Homeless Veterans appeal: ‘For three years I was walking the streets. I owe Veterans Aid my life. It’s been a miracle’

“I was in that much turmoil and pain and suffering, I had no strength in me"

Chris Green
Wednesday 07 January 2015 19:29 GMT
Phil Rogers, from Veterans Aid (centre), with Daz Mullard (left) and Paul McEwan
Phil Rogers, from Veterans Aid (centre), with Daz Mullard (left) and Paul McEwan

Last summer Paul McEwan was lying in a hospital bed in Kent hoping he would die. The 39-year-old former Royal Marine had suffered a seizure, one of many he had experienced since succumbing to alcoholism, and believed he had no reason to carry on with his life.

Then a man appeared at the foot of his bed. His name was Phil Rogers, a specialist in substance misuse at Veterans Aid. He had received an email from Mr McEwan’s father telling him about his son’s troubles. He told him how the charity could help.

“I was in that much turmoil and pain and suffering, I had no strength in me,” Mr McEwan recalls. “I was bankrupt, spiritually and physically; I just wanted to go. But Phil walked round the corner and said, ‘This is what Veterans Aid can do for you,’ and there was a bit of hope there, and I just grabbed it and used it. It was a godsend.”

Mr McEwan, from Stirling, joined the Marines at 17 and served for 13 years, including in Northern Ireland, Kuwait, Zimbabwe and Zambia. He loved his time in the forces and says he had no problems with alcohol while he was serving, but would drink heavily when he was on leave.

“It was work hard, play hard. I wouldn’t say there was an emphasis on the drinking culture, but when we did have time off that was the normal thing to do,” he says. “Every time you go away, whether it be for a six-month tour or a shorter tour, you’re not drinking – so when you do come back you’ve missed it. Some people it grips, some people it doesn’t.”

His real trouble with alcohol began after he left the Marines at the age of 31. “I was a lost soul,” he says. “I was basically institutionalised in that way of life from the age of 17. I didn’t know how to sign on, didn’t know how to go about getting a flat, didn’t know anything. For three years I was walking the streets just getting drunk, trying to escape what I’d put myself into. I didn’t wake up one morning and want to become an alcoholic – it just happened.”

As his life became increasingly chaotic, he gradually lost all his belongings and frequently ended up in hospital, which is where Mr Rogers found him. With the help of Veterans Aid, he has now been through rehab and is staying at a “move on” house in Catford, south London. “I owe Veterans Aid my life, I really do. It’s been a miracle,” he says.

Around a third of the ex-servicemen and women who arrive at the charity – one of two being supported by The Independent’s charity appeal for homeless veterans – have a problem with drugs, alcohol or gambling. According to Mr Rogers, who has been at Veterans Aid for six years, addiction of some kind is often what drives them on to the streets.

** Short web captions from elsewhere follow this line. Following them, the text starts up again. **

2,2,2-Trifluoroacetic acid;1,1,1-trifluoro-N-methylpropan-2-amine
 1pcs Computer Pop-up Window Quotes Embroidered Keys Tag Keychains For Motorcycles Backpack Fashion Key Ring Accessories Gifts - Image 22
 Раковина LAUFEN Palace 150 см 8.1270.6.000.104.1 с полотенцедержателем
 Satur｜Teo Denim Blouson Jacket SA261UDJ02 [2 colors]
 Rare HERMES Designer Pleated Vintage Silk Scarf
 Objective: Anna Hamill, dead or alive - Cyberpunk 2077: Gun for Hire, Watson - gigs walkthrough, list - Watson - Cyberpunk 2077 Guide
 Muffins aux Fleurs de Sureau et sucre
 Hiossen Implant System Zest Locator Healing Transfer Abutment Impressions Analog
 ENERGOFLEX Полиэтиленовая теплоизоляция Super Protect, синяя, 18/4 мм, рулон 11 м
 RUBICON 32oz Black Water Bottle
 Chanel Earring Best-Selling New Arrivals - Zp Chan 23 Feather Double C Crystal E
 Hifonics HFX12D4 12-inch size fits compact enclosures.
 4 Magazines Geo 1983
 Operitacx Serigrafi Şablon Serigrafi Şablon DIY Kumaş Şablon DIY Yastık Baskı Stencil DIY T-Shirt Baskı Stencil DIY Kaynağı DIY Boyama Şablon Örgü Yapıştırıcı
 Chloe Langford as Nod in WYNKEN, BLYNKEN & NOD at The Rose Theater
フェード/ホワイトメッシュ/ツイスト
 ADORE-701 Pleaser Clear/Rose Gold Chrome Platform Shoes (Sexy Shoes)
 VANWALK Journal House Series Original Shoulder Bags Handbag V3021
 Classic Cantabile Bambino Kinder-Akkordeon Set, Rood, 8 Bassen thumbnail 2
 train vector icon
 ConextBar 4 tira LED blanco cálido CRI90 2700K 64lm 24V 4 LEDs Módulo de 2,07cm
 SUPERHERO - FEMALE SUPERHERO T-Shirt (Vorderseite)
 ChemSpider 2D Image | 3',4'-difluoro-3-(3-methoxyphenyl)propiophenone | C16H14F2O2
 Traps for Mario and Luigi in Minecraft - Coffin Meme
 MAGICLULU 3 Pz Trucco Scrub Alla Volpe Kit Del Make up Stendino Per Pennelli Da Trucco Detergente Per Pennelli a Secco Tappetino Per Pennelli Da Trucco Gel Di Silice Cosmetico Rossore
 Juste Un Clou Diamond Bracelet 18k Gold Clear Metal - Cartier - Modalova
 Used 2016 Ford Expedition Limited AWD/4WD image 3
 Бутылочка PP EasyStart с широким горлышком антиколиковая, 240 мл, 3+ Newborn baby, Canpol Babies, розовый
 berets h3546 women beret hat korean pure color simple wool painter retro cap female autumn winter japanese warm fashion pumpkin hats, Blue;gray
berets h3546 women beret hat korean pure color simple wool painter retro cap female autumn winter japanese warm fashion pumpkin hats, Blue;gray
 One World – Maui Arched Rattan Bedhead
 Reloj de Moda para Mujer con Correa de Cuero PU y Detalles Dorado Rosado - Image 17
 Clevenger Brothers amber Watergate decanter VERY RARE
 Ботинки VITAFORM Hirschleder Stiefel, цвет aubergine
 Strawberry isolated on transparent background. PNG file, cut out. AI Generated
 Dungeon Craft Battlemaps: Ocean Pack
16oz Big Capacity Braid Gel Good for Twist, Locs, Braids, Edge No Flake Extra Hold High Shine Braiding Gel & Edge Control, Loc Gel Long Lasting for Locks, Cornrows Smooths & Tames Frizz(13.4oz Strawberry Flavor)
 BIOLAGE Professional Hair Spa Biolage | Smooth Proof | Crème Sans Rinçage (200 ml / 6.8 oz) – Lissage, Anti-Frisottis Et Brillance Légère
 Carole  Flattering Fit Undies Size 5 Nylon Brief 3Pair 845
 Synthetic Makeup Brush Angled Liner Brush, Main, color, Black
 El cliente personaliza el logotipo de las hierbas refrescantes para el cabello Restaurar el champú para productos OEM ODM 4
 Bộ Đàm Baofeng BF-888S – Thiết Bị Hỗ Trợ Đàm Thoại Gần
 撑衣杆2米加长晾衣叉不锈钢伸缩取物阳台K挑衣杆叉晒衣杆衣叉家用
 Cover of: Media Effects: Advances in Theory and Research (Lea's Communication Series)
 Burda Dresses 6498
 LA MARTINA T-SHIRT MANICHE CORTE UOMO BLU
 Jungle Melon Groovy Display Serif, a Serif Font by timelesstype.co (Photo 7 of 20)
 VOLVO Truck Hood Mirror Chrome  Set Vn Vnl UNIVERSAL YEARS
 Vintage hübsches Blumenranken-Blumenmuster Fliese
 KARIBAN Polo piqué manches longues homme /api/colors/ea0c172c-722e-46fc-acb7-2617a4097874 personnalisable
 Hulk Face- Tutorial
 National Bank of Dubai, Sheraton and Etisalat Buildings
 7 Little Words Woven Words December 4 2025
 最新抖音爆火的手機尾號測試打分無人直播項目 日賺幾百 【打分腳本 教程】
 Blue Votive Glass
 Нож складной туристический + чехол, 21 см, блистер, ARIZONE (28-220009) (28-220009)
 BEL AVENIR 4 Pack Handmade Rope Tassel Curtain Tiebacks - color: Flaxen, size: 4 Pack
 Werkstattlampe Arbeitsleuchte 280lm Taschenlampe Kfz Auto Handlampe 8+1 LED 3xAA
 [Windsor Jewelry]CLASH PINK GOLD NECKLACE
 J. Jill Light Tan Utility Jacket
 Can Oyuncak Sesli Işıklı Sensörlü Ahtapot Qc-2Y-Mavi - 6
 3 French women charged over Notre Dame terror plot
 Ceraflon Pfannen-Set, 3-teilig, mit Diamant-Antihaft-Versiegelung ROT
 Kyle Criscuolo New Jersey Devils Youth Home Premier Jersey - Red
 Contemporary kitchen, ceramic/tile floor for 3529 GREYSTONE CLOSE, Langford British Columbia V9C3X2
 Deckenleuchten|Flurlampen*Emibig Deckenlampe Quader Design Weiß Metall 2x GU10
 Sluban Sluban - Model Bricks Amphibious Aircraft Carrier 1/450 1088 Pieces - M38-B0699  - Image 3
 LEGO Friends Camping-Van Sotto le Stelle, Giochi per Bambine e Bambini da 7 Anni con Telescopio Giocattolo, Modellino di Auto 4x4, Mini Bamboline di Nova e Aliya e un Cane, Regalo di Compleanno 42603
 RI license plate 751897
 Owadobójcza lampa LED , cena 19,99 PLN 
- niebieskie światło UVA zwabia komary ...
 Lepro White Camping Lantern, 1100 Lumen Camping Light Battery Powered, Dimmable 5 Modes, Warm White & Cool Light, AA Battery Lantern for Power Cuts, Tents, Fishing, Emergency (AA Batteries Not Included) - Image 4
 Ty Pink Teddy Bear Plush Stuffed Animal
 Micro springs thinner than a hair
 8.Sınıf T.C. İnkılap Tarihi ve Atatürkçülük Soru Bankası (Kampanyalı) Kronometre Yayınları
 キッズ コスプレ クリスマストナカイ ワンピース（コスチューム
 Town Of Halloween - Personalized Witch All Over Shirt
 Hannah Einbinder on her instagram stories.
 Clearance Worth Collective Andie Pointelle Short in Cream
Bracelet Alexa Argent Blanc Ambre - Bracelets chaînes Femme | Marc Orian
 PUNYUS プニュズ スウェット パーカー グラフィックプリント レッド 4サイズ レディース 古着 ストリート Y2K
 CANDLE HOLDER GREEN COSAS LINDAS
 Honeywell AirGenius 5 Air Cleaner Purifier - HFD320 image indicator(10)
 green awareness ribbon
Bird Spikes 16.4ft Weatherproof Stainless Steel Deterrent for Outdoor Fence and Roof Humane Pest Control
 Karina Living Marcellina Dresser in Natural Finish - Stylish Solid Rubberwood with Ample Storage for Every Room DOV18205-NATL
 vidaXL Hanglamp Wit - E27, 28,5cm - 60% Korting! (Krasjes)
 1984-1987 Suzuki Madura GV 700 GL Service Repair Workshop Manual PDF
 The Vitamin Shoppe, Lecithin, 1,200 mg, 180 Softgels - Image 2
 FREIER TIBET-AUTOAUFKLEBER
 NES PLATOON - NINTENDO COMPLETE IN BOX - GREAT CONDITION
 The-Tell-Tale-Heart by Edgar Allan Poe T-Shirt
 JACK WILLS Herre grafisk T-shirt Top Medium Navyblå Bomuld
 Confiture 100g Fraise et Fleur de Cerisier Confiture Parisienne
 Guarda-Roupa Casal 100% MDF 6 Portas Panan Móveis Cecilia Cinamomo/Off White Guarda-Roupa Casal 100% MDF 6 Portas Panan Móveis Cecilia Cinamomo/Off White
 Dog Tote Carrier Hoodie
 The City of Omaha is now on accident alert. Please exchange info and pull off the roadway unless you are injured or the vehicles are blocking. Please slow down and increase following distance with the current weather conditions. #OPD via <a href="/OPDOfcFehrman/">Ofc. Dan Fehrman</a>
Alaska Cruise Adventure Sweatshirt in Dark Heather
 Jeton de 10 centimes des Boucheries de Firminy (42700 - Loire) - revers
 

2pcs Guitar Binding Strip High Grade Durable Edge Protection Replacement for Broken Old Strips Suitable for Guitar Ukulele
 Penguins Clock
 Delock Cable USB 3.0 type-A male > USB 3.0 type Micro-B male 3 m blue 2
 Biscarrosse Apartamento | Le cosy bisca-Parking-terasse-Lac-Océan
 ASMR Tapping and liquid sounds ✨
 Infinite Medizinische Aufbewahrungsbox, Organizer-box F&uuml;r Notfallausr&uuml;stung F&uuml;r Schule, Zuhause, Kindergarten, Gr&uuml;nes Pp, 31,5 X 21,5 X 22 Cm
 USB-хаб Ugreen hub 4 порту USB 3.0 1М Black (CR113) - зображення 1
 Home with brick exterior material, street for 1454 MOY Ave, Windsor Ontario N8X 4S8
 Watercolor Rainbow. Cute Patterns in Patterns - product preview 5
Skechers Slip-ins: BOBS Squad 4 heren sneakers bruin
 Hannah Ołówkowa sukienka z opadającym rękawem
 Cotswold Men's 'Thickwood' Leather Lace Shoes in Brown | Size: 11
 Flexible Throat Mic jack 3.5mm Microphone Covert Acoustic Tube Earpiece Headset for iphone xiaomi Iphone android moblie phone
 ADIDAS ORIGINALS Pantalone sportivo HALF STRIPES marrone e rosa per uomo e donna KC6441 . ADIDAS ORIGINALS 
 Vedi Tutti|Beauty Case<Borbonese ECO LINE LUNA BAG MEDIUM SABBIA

The Centre for Military Health Research at King’s College London has found that the rate of alcohol misuse among serving and former members of the military is 13 per cent, compared with 6 to 8 per cent nationwide.

However, recent analysis by the Royal British Legion has suggested that only small percentages of veterans have problems with drugs or alcohol, and Mr Rogers thinks serving in the armed forces does not make someone more susceptible to addiction.

“These issues are really complicated,” he says. “The reasons some ex-service personnel drink and use drugs are the same as why people in the general public drink and use drugs. There isn’t a straightforward answer.”

Another Veterans Aid client is Daz Mallard, 40, who was born in Berlin to a military family. He joined the Royal Corps of Signals at 17 and served for three years.

When he left the Army he worked as a postman and bus driver, but over the years his life began to unravel because of alcoholism and drug addiction – problems which he says had nothing to do with his military service.

In September 2013, he was in London, “homeless, hungry and depressed”, when a police officer gave him a list of military charities to call. The first few he tried “couldn’t care less”, but when he arrived at Veterans Aid they bought him lunch and put him up in a hotel. He spent five months in rehab and now has his own flat in Tooting, south London.

“The staff were very friendly when I got here,” he says. “To walk in here on that morning, to come from some filthy crack house with diarrhoea and vomit and blood all over the carpet, and for someone to just say, ‘Sit down in a nice chair and have a cup of tea’ – I can’t explain what it does.”

When he first made contact with Veterans Aid, he says he didn’t even know what alcoholism was. “It comes as a bit of a shock to find out you’re the problem, and that didn’t come to me on day one,” he adds. While he is pleased with the progress he has made in the past year, he says he realises his recovery isn’t over – something the charity also understands.

“The road back… is not easy; indeed, relapse is often part of the process,” says Dr Hugh Milroy, head of Veterans Aid. “It takes courage to ask for help once. For those who fail and need to come back it is even harder, but our door is always open and I’m particularly proud of those who refuse to give up.”